ValueError: Expected input batch_size (32) to match target batch_size (4096)

I’m currently trying to train a mBert with some data from a corpus, I am in the fine-tuning/training part of it all and this is the code I have:

# BERT fine-tuning parameters
param_optimizer = list(model.named_parameters())
no_decay = ['bias', 'gamma', 'beta']
optimizer_grouped_parameters = [
    {'params': [p for n, p in param_optimizer if not any(nd in n for nd in no_decay)],
     'weight_decay_rate': 0.01},
    {'params': [p for n, p in param_optimizer if any(nd in n for nd in no_decay)],
     'weight_decay_rate': 0.0}
]

optimizer = AdamW(
    model.parameters(), lr=2e-5, correct_bias=False
) 

# Function to calculate the accuracy of our predictions vs labels
def flat_accuracy(preds, labels):
    pred_flat = np.argmax(preds, axis=1).flatten()
    labels_flat = labels.flatten()
    return np.sum(pred_flat == labels_flat) / len(labels_flat)
  
# Store loss and accuracy for plotting
train_loss_set = []
# Number of training epochs 
epochs = 4

# BERT training loop
for _ in trange(epochs, desc="Epoch"):  
  
  ## TRAINING
  
  # Set model to training mode
  model.train()  
  # Tracking variables
  tr_loss = 0
  nb_tr_examples, nb_tr_steps = 0, 0
  # Train the data for one epoch
  for step, batch in enumerate(train_dataloader):
    # Add batch to GPU
    batch = tuple(t.to(device) for t in batch)
    # Unpack the inputs from our dataloader
    b_input_ids, b_input_mask, b_labels = batch
    # Clear out the gradients (by default they accumulate)
    optimizer.zero_grad()
    # Forward pass
    loss = model(b_input_ids, token_type_ids=None, attention_mask=b_input_mask, labels=b_labels)
    train_loss_set.append(loss.item())    
    # Backward pass
    loss.backward()
    # Update parameters and take a step using the computed gradient
    optimizer.step()
    # Update tracking variables
    tr_loss += loss.item()
    nb_tr_examples += b_input_ids.size(0)
    nb_tr_steps += 1
  print("Train loss: {}".format(tr_loss/nb_tr_steps))
       
  ## VALIDATION

  # Put model in evaluation mode
  model.eval()
  # Tracking variables 
  eval_loss, eval_accuracy = 0, 0
  nb_eval_steps, nb_eval_examples = 0, 0
  # Evaluate data for one epoch
  for batch in validation_dataloader:
    # Add batch to GPU
    batch = tuple(t.to(device) for t in batch)
    # Unpack the inputs from our dataloader
    b_input_ids, b_input_mask, b_labels = batch
    # Telling the model not to compute or store gradients, saving memory and speeding up validation
    with torch.no_grad():
      # Forward pass, calculate logit predictions
      logits = model(b_input_ids, token_type_ids=None, attention_mask=b_input_mask)    
    # Move logits and labels to CPU
    logits = logits.detach().cpu().numpy()
    label_ids = b_labels.to('cpu').numpy()
    tmp_eval_accuracy = flat_accuracy(logits, label_ids)    
    eval_accuracy += tmp_eval_accuracy
    nb_eval_steps += 1
  print("Validation Accuracy: {}".format(eval_accuracy/nb_eval_steps))

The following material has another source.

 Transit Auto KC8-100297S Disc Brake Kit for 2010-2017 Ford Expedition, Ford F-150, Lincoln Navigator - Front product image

on the line: loss = model(b_input_ids, token_type_ids=None, attention_mask=b_input_mask, labels=b_labels)

I’m getting the error:

ValueError: Expected input batch_size (32) to match target batch_size (4096).

I do get that my problem is a tensor mismatch, what I don’t get is why is that happening.

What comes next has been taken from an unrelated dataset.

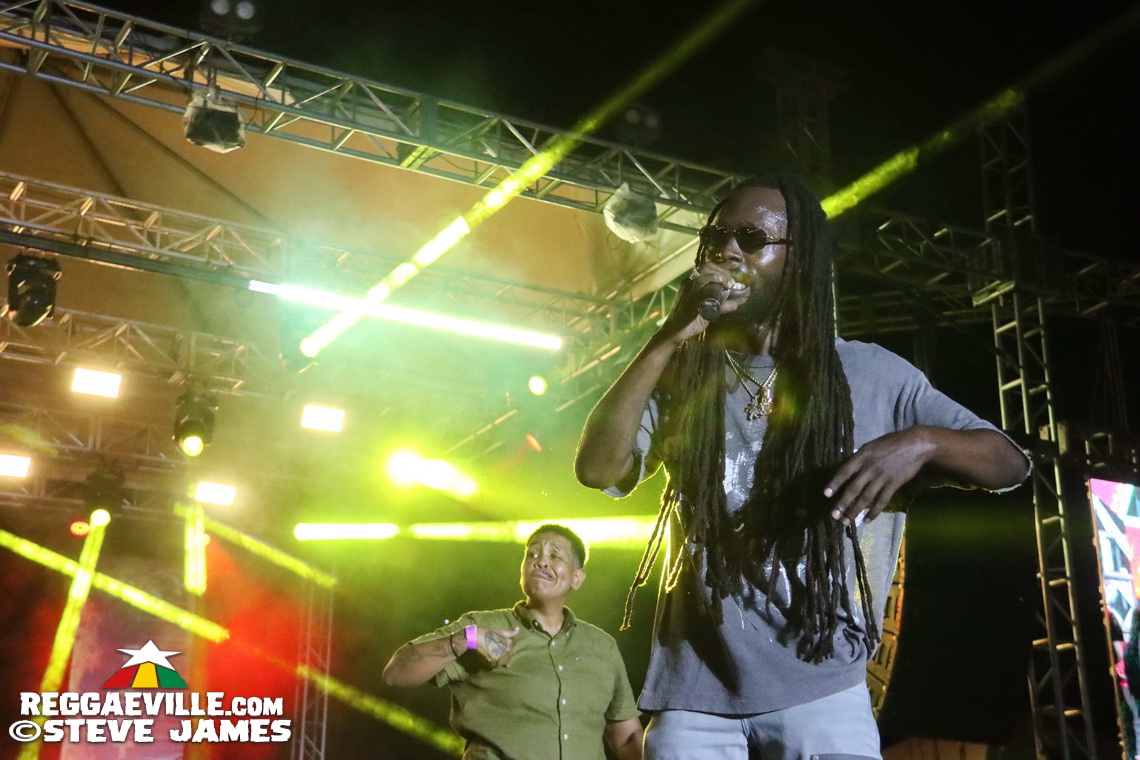 Jesse Royal, Christopher Martin, Bugle, Iba Mahr, Fantan Mojah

Before this step the train_dataloader var is created as such:

train_dataloader = DataLoader(train_data, sampler=train_sampler, batch_size=batch_size)

where:

train_data is created by doing: train_data = TensorDataset(train_inputs, train_masks, train_labels)

and:

train_masks = torch.tensor(train_masks)
train_labels = torch.tensor(train_labels)
train_inputs = torch.tensor(train_inputs)

all share the size: torch.Size([14505, 128])

The batch_size is 32 and train_sampler = RandomSampler(train_data)

I’m unsure where this mismatch is happening or why…

I don’t know how your model calculates the loss, but given that the input has a batch size of 32 as expected, I would check if the target is flattened somewhere or if it is already in a wrong shape when returned by the DataLoader.

do you mean verify these?

train_data = TensorDataset(train_inputs, train_masks, train_labels)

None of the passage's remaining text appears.